Currently, in a follow-on claim claimants in the UK may rely on a decision of the Commission in order to establish liability for an infringement, although proving loss and causation remains an issue.  According to the notice, in a no deal scenario claimants in the UK will not be able to rely on the binding effects of Commission decisions.  Infringement decisions that are made by the Commission before exit day may still be relied on as proof of liability in the UK courts.

The possibility has been left open of enforcing Commission decisions in the UK courts through a claim founded on a foreign tort.

The notices state no more than what is the logical result of a no deal scenario.  Although the note maintains that such a result remains unlikely, it may be expected to have a dampening effect on the attractiveness of the UK as a venue for bringing private damages claims founded on Commission decisions, all things being equal.
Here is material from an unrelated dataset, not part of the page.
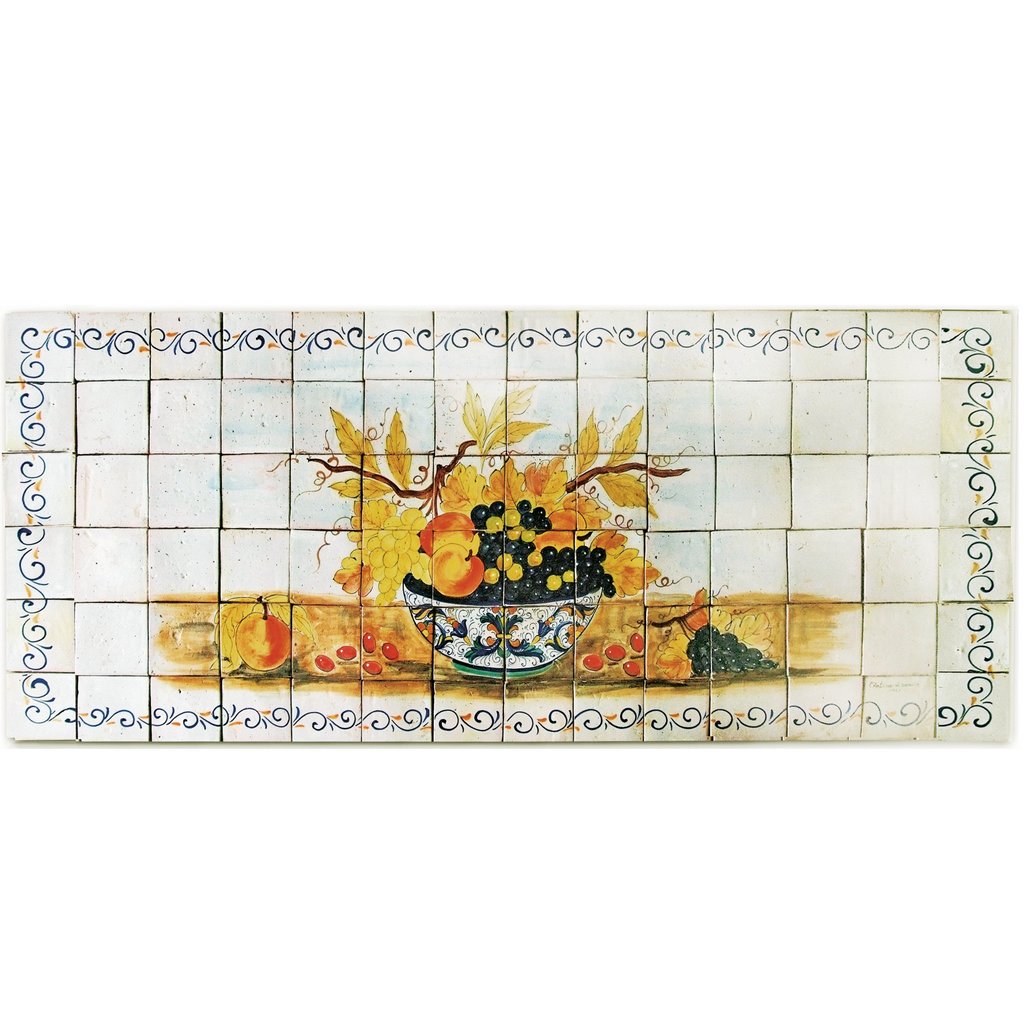 ANTICA DERUTA: WALL PANEL BACKSPLASH RICCO DEUTA BOWL AND FRUIT - tops-selection.shop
Perhaps the bigger issue is the extent to which Commission decisions will be persuasive authority before the UK courts.  If the UK courts treat such decisions as highly compelling evidence the practical difference may be slight.







Saturday, 8 September 2018

CAT dismisses Ping internet sales ban


The Competition Appeal Tribunal (CAT) has rejected an appeal against a decision of the Competition and Markets Authority (CMA) fining Ping GBP 1.45 million for infringing Article 101 of the TFEU and the Chapter I prohibition of the Competition Act 1998.

The CMA found that Ping operated an online sales ban without objective justification. This prevented UK retailers selling Ping golf clubs online. The CMA found that Ping could have promoted its instore fitting through less restrictive means than an internet sales ban.

The CAT rejected Ping’s claims that the CMA’s decision violated its human rights and was disproportionate and that the CMA erred in finding that the restriction was not objectively justified and did not qualify for individual exemption.

The CAT did find that the CMA erred in law by not conducting a full proportionality test as part of its Article 101(1) assessment but did not consider that this made any difference to the CMA’s overall finding.  The CAT said that a proportionality test is part of the Article 101(3) assessment and is necessary only if it is established that the measure infringes Article 101(1) (whether being a restriction of competition by object or effect).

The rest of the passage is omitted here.